Objectives of tax Flashcards
Which one of the following options is not an example of the government using the tax system to manage the economy?
a) Allowing income from ISAs to be exempt.
b) The annual increase of the personal allowance.
c) Increasing the tax on whisky.
d) Allowing gift relief on charitable donations.
b
The government manages the economy by encouraging or discouraging certain behaviour, which is what the policies in the other choices aim to do. The personal allowance is offered to all individuals of all ages, so does not shape people’s behaviours.
In the Budget this year, the government increased the main rate of tobacco duty to £3.52 for a packet of 20 cigarettes.

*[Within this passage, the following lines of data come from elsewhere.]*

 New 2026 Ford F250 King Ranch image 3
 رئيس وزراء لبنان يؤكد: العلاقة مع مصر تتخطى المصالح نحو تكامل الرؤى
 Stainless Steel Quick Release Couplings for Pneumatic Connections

The impact of this decision is best represented by the:
a) Efficiency principle.
b) Regressive principle.
c) Ability to pay principle.
d) Value principle.
b
An increase in tobacco duty will impact individuals with lower incomes more than those with higher incomes, as the tax paid as a percentage of income is higher for lower income individuals. This is an example of a regressive tax.
True or False,
A taxpayer may be able to appeal against an information notice
A taxpayer may be able to appeal against an inspection notice
TRUE
FALSE
Select whether the statements below are true or false.
HMRC offers a Business Payment Support Service to taxpayers to help them meet payments if they are struggling. This may allow taxpayers to spread payments over longer time periods without incurring additional penalties and interest.

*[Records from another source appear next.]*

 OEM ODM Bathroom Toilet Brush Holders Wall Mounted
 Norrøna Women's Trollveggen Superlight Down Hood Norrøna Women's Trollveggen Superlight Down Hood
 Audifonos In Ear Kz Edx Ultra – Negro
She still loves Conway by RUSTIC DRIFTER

HMRC may only request information from third parties if they have First-Tier tax tribunal approval.
False.
False.
The Business Payment Support Service may allow taxpayers to spread payments over longer time periods without incurring additional penalties, however interest will still apply.
HMRC may also request information from third parties with taxpayer approval.

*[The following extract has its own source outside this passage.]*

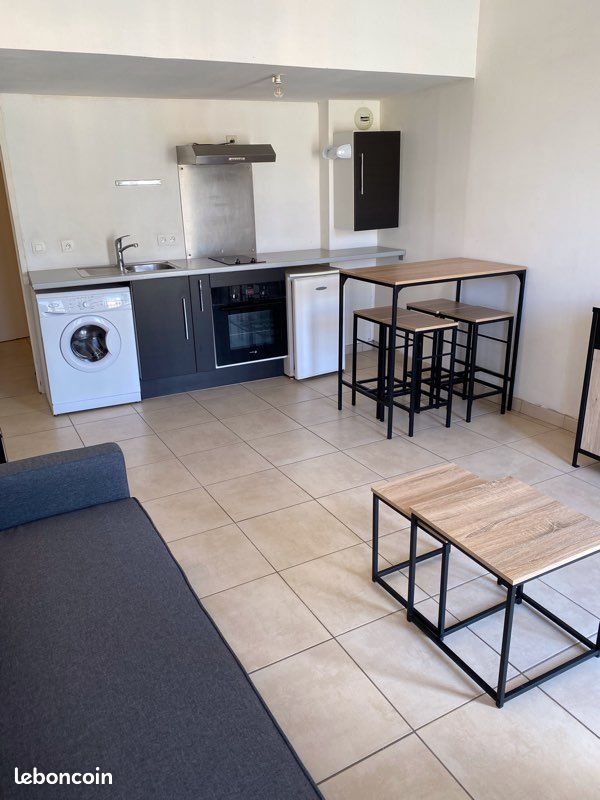 Appartement à louer, 35m², Pézenas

Joel submitted his 2021/22 electronic tax return on 30 January 2023. As he is having trouble with his cash flow, he decides not to tell HMRC about £50,000 of profits on one of his rental properties and instead moves all of the income to a secret bank account in Jersey.
HMRC must give notice of a discovery assessment by:
a) 31 January 2024
b) 31 January 2029
c) 31 January 2042
d) 5 April 2042
d
If HMRC discover that full disclosure was not made and there is a loss of tax, the HMRC is allowed to collect more tax from the taxpayer. As Joel submitted his tax return on time but deliberately did not disclose some income, a discovery assessment can be made by HMRC up to 20 years from the end of the TAX YEAR to which the return relates.
Select whether the statements below are true or false.
HMRC may only select tax returns for compliance checks where they suspect that tax has been underpaid.
HMRC are only able to open a formal enquiry once per tax return.
False
True
HMRC can select tax returns for compliance checks at random and also where they suspect tax has been underpaid.
HMRC only have one opportunity to open a formal enquiry.